On voudrait le cacher, on ne saurait le voir, pourtant il est partout. Sein nourricier que l’on sacralise, il montre sa douceur généreuse avec fierté en ces temps où nourrir son enfant au biberon constitue la première faute maternelle. Sein reformé, gonflé, sculpté par la chirurgie esthétique, il ne demande qu’à s’exhiber pour montrer sa perfection surnaturelle. Sein protestataire des groupuscules féministes, il sort nu dans la rue et manifeste, bardé de slogans, comme révolté d’avoir été trop longtemps masqué par les vêtements.

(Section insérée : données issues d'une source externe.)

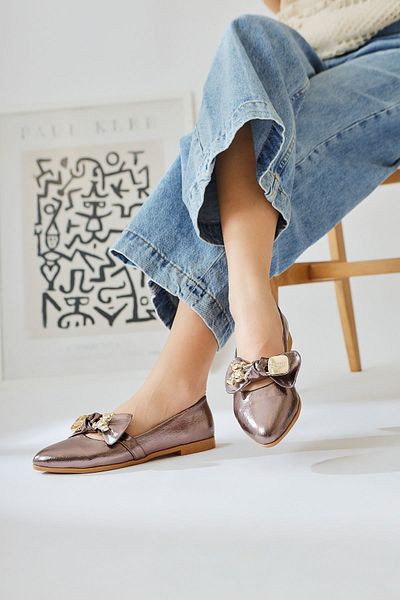 Limoya Balerini Joselin Platinum din piele lacuita sifonata cu accesorii fundita, pantofi balerini dama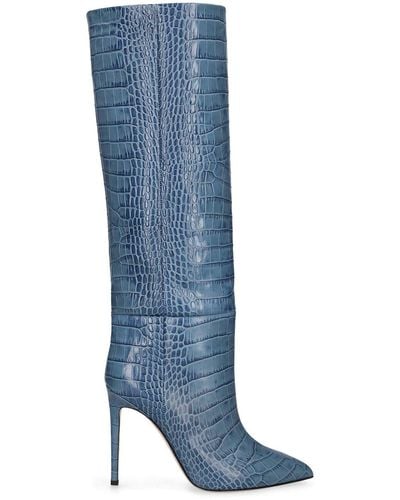 Paris Texas 105mm Hohe Stiefel Aus Leder Mit Krokoprägung - Blau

Il est vulgaire s’il est nichon, amplifié s’il est giron, profond s’il est gorge, animal s’il est mamelle. Mais à l’origine, le sein (sinus) désignait le pli de toge dans lequel les femmes portaient leur enfant. Il offrait un refuge, représentait l’asile maternel et le lieu du réconfort. Il était la partie intérieure des choses, leur cœur précieux : ainsi espérait-on après la mort rejoindre le sein de Dieu, synonyme de paradis…
Aujourd’hui il sort, et prendre le sein ne veut pas seulement dire téter mais aussi militer, comme on prend les armes.